The medical staff acted as agents of care, deciding therapeutic regimens of their patients accordingly to diagnosis. Diagnosis was not standardized. Rather, the medical staff made their assessments as influenced by class and gender perceptions as well as evidence provided by families and friends. Causes were usually attributed to classified diseases dementia, mania, melancholia (which accounted for nearly a third of all admissions to Brookwood), intemperance, hereditary insanity, worry, and anxiety. Patients were especially admitted to mental worries related to gender expectations: male patients who were expected to deliver wages were strained when they felt they failed to uphold their obligations. Anxieties and disappointment of love were also causes. For the majority of cases, regardless of social class, treatment resided on moral therapy, occasionally supplemented by physical activity, surgery (at Brookwood), and a broad range of chemical (including opiates) and electric treatments. At Holloway, innovative therapies were used, such as massage and gym exercise. Restraint methods, such as the “dry-pack” was also used to deal with troublesome and maniacal patients at Holloway; at Brookwood, seclusion was especially beneficial for dealing with violent outbursts in order to protect staff and other patients. However, medical staff were particularly cautious in using seclusion to deal with suicidal patients; as Shepard points out, suicidal patients often found creative ways to achieve their tendencies, so the control of suicidal behaviour was considered by medical staff as an indicator of therapeutic success.

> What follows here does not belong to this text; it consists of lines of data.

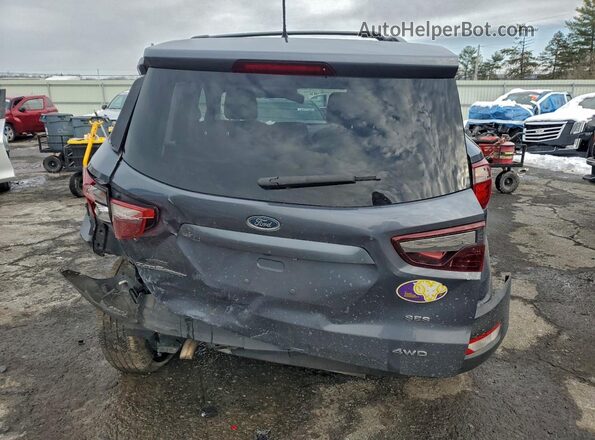 MAJ6P1CL6JC175022 2018 FORD ECOSPORT Gray Rear view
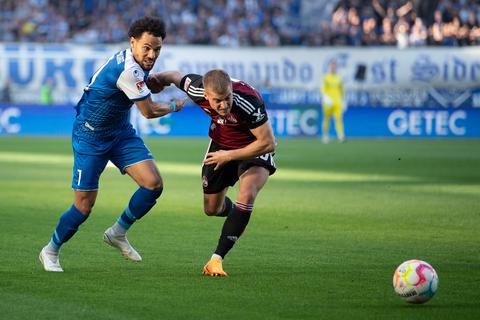 Nürnbergs Fabian Nürnberger steht vor einem Wechsel zu den Lilien.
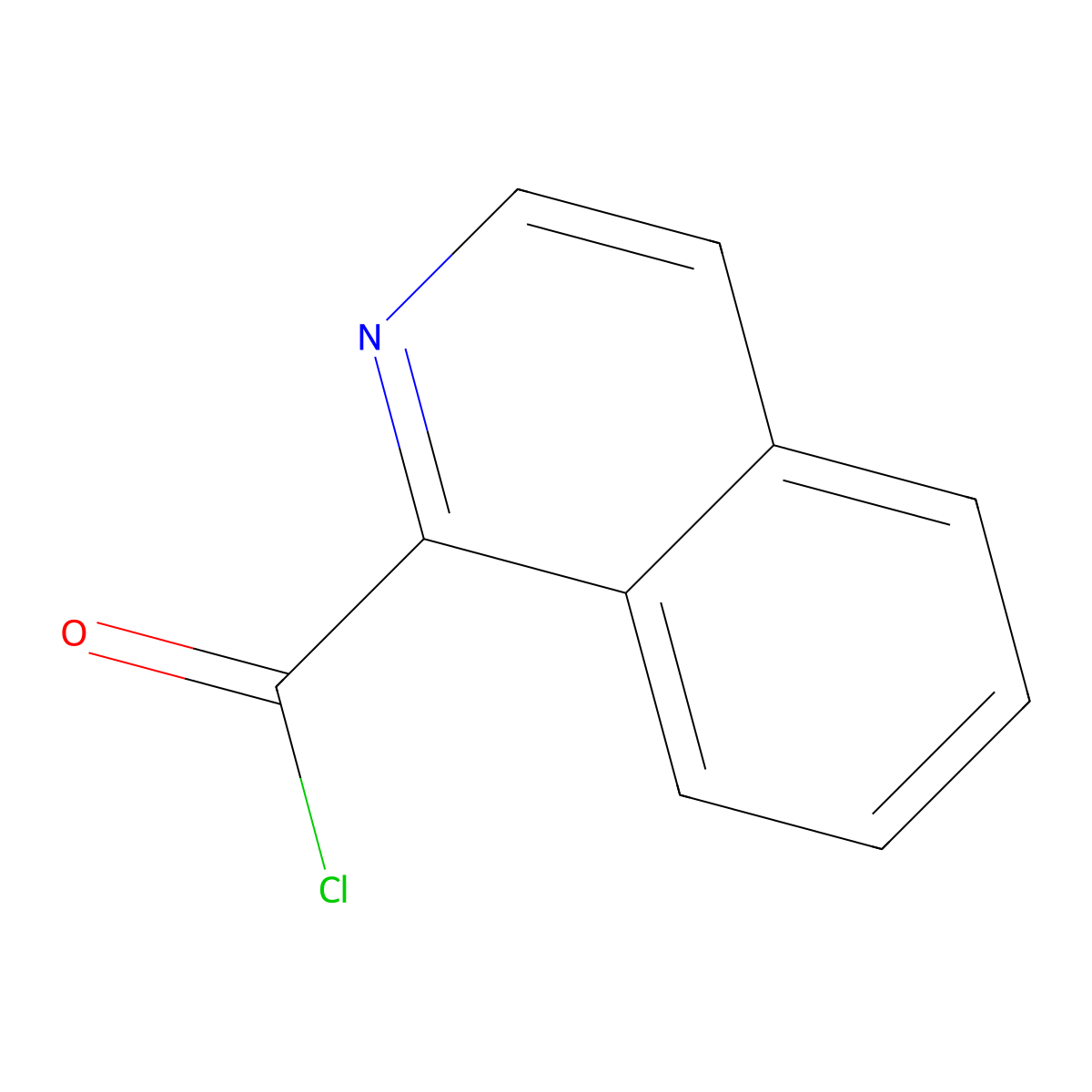 Isoquinoline-1-carbonyl chloride molecular structure, CAS 180411-55-6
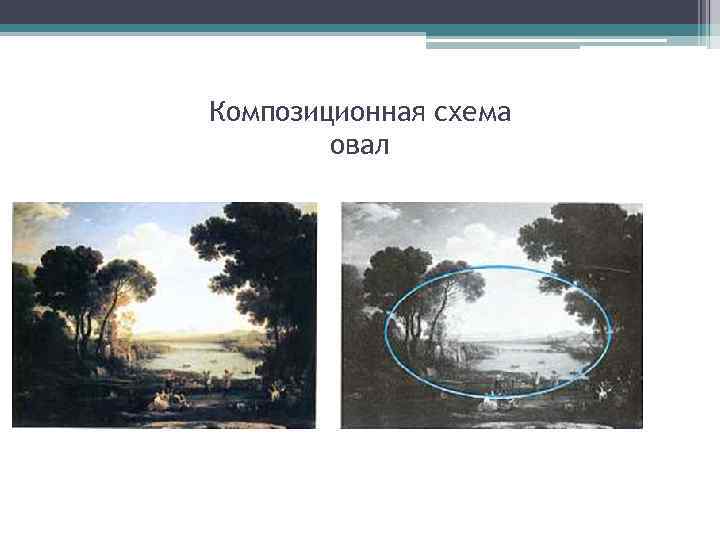 Композиционная схема овал 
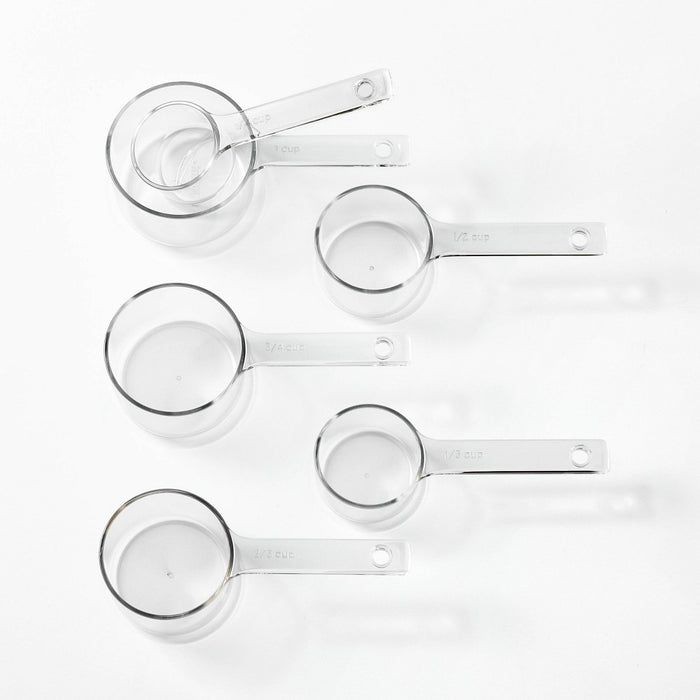 6pc Tritan Plastic Measuring Cups Clear - Figmint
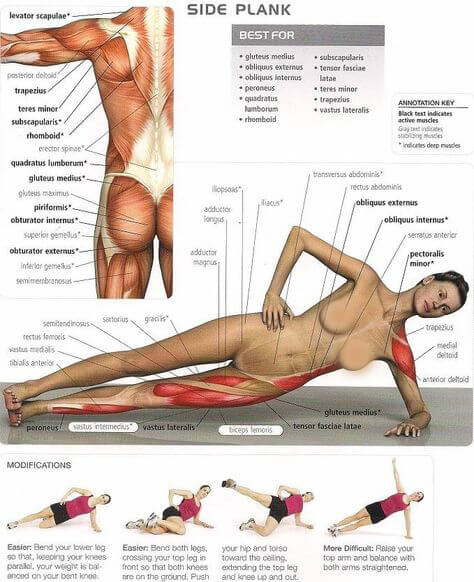 Side Plank Level 9000 Best Sixpack Exercises Training Sixpack Ab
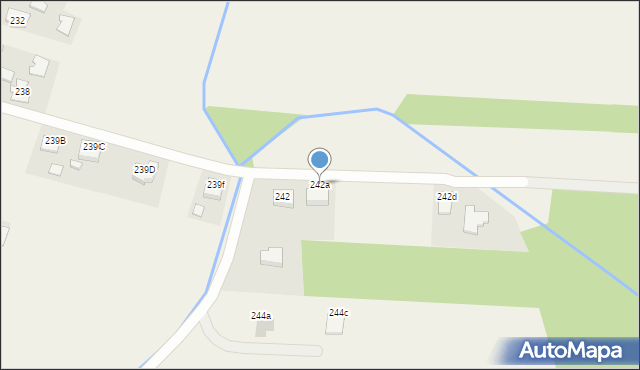 Czermin, Czermin, 242a, mapa Czermin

Institutionalizing the Insane provides fantastic window into the lives and worries of nineteenth century people. Shepherd describes how reasons for incarceration were not always rooted in serious mental illnesses; in some instances, everyday worries were enough for individuals or their families and friends to seek out medical care. Statistical evidence, considered by nineteenth century institutions as a reliable measure of effectiveness, adds another dimension to Shepherd’s analysis.[2] Numbers revealed how medical history, circumstances, and treatments were all perceived as indicators of treatment success, while still highlighting the importance of family interactions and expectations. A solid study, this book will surely appeal to those interested into the complex lives and treatments of the insane during the nineteenth century.

NOTES

[1] The Metropolitan Asylums Board was created to care for the infectious and insane poor of Greater London.

[2] For instance, Brookwood had high death rates, sometimes 15% of all admissions in a given year. While environmental issues, such as overcrowding and inadequate water certainly played a part, Shepard argues the asylum’s high intake of physically weak and chronically ill patients from the workhouses surely contributed to the death rates.